Lo humano será concebido, entonces, como esa entidad que para ser tiene que romper con los dogmas, las ortodoxias, los saberes establecidos, las formas de conocimiento transmitidas de maestros a discípulos, la disciplina y las cuotas de rigor, austeridad y templanza que esta le impone a los apetitos, a los deseos. La acción digna de ser recordada para un ente como el humano, que siempre está ocupado en la tarea de su propia creación, tiene el semblante de la aventura. Actuar supondrá aventurarse a la intemperie de lo real, esa zona no previamente cartografiada por las normas, las costumbres, las creencias.

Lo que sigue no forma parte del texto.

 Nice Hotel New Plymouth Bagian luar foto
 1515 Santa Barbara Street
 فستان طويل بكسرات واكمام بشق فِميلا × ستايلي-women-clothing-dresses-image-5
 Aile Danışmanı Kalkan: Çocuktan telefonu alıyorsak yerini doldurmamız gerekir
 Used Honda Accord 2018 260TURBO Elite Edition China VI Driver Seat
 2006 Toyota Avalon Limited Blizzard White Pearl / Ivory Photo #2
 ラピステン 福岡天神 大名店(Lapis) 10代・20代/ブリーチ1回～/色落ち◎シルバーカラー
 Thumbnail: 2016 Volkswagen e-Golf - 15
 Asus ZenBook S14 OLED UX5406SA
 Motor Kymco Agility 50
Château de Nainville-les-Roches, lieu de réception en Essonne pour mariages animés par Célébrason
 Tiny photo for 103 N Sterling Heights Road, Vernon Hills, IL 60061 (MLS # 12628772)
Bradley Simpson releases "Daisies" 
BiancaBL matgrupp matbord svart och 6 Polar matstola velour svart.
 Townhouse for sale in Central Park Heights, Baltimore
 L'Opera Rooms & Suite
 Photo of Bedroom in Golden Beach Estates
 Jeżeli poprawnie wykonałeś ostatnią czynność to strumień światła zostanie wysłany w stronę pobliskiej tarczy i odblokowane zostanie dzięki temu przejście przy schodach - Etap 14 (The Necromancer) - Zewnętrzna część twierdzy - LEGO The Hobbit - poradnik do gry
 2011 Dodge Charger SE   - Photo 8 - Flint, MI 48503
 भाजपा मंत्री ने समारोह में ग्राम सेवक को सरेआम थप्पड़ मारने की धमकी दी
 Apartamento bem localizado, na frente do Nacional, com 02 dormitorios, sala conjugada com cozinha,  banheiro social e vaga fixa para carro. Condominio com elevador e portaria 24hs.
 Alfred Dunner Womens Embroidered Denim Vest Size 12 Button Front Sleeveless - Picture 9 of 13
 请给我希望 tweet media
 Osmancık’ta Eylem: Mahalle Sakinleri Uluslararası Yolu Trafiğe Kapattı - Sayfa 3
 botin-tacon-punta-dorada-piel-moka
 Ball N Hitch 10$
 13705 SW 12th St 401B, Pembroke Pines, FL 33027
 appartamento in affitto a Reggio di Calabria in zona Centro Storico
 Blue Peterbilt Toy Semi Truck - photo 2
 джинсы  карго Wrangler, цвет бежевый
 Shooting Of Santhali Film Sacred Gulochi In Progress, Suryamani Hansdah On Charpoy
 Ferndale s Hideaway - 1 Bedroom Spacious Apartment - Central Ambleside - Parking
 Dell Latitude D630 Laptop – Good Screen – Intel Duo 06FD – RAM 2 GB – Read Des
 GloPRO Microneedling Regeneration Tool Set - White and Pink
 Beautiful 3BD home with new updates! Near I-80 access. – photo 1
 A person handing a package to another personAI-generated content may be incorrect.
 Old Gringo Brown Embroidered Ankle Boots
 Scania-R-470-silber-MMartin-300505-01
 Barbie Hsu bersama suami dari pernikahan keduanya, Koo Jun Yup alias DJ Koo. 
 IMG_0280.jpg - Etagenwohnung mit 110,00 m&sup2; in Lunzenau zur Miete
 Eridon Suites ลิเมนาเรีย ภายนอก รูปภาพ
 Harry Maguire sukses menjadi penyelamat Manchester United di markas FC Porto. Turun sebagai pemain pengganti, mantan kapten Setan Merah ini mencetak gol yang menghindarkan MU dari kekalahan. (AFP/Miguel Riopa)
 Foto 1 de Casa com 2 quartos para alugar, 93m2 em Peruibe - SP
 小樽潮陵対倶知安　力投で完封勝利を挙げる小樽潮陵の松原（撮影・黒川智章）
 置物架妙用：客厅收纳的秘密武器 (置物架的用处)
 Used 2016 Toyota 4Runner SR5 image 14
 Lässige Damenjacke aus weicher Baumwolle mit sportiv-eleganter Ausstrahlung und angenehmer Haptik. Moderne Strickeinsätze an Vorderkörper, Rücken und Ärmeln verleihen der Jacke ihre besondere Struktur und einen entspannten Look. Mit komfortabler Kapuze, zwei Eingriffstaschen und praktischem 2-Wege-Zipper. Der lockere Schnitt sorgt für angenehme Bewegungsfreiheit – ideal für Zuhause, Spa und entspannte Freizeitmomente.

Muchos de los grandes héroes de la literatura moderna –don Quijote, Fausto, Robinson Crusoe, don Juan, el Lazarillo, Emma Bovary, Anna Karenina, Raskólnikov– son héroes de la autoinvención y la transgresión. El héroe novelesco, para poder inventarse, tiene que sufrir una anomalía, ostentar una extrañeza, exhibir una monstruosidad; es por su negación de lo establecido, de lo aceptado, de lo consensuado que adquiere prestigio, un aura: don Quijote, el loco; Raskólnikov, el criminal; Anna Karenina, la infiel; el Lazarillo, el delincuente; Robinson Crusoe, el que lo reinventa todo porque vive separado de todos.